- _Dataset extract_:
============

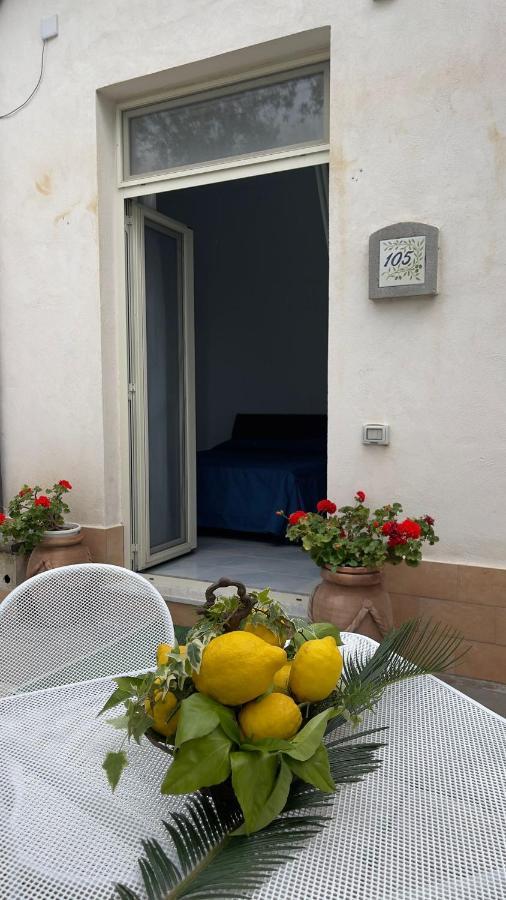 Villaggio Villa Lubrense Massa Lubrense Kültér fotó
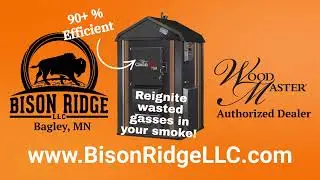 Ignite YOUR Energy Independence with Bison Ridge LLC - Outdoor Wood Boilers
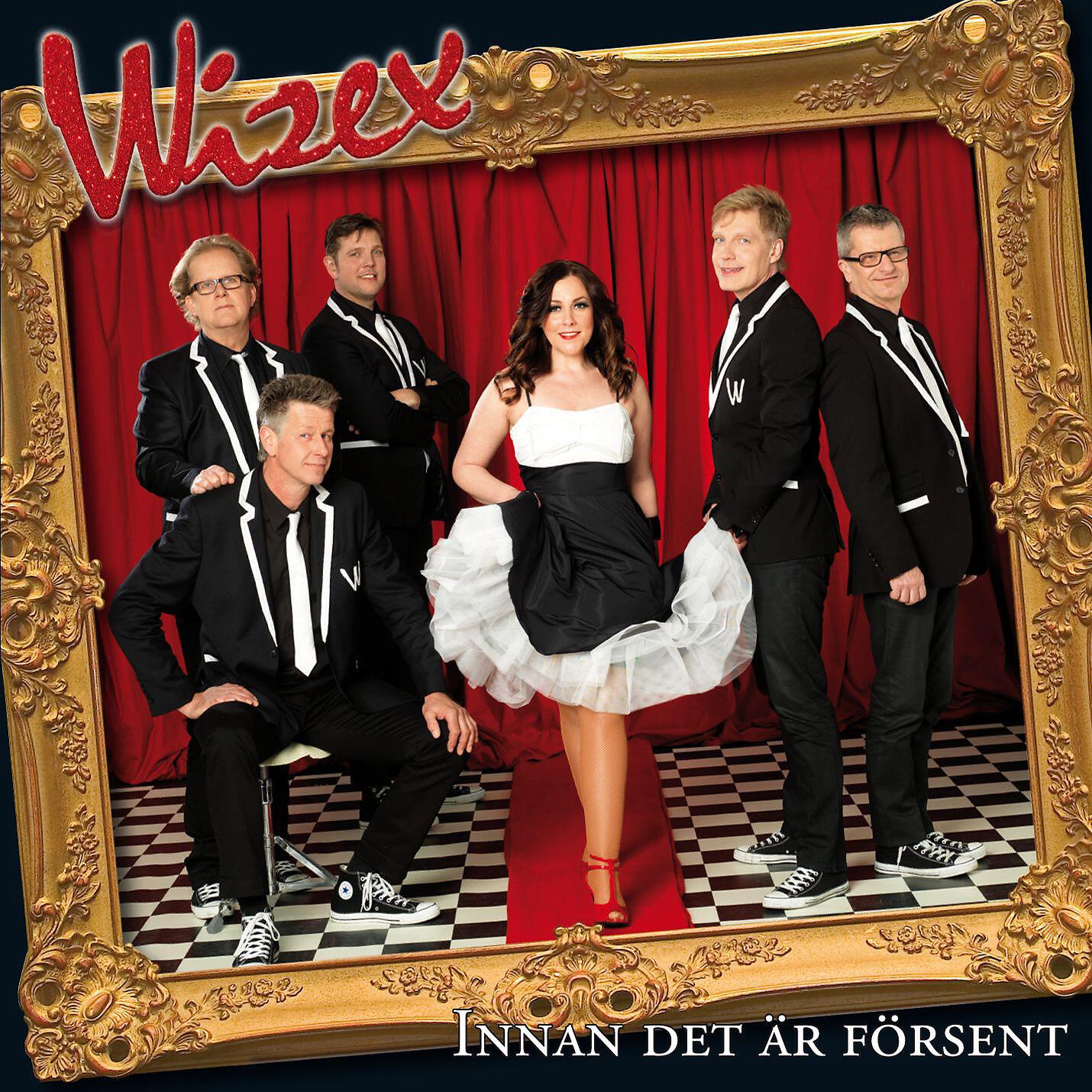 Wizex - Ingen har ett leende som jag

============

Beginning with the line that has "Ignite YOUR Energy", repeat each remaining line of the data above word for word, keeping pictures out.

- _Task result_:
 Ignite YOUR Energy Independence with Bison Ridge LLC - Outdoor Wood Boilers
 Wizex - Ingen har ett leende som jag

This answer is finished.